Pour le CBD naturel, c’est une autre paire de manches. L’article R. 5132-86 du code de la santé publique et l’arrêté du 22 août 1990 autorisent la vente et l’achat d’un produit contenant du CBD extrait de plante s’il respecte plusieurs critères :
- La variété de chanvre utilisée figure dans la liste des 22 variétés de Cannabis sativa L. autorisées.
- Le CBD est extrait de graines ou de fibres uniquement.
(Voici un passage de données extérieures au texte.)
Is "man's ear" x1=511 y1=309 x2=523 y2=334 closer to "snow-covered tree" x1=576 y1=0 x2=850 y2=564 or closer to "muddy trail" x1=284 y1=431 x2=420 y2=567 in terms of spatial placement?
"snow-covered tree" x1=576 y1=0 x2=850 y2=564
L’utilisation des fleurs ou des feuilles est interdite en France, mais autorisée par la réglementation européenne.
- La plante dont est extrait le CBD contenait du THC avec une teneur n’excédant pas 0,2 %. Le produit fini (crème, huile, aliment…) ne doit, lui, contenir aucune trace de THC.
Mais, en pratique, « il est très compliqué de fabriquer des produits à base de CBD dérivé de fibres ou de graines, tempère Me Van Keymeulen. Il y a en effet très peu de substance active dans ces parties de la plante. »
Vers une évolution de la réglementation
La qualité de ces produits, qu’ils soient à base de CBD naturel ou synthétique, n’en reste pas moins inconnue, faute d’encadrement par les autorités. Le consommateur s’expose donc, en plus des risques judiciaires – possession de stupéfiant si le produit contient du THC – à des risques sanitaires. « On fait du commerce de bien-être avec des substances psychoactives, ce n’est pas anodin, alerte le Dr Authier. On est plus motivé par l’appât du gain que par l’intérêt des personnes. L’usage du CBD doit être encadré dans un contexte médical. »
Cet encadrement passera nécessairement par un changement de la réglementation. Selon Me Van Keymeulen, « on va évoluer vers une législation adaptée aux types de produits à usage thérapeutique et de bien-être ».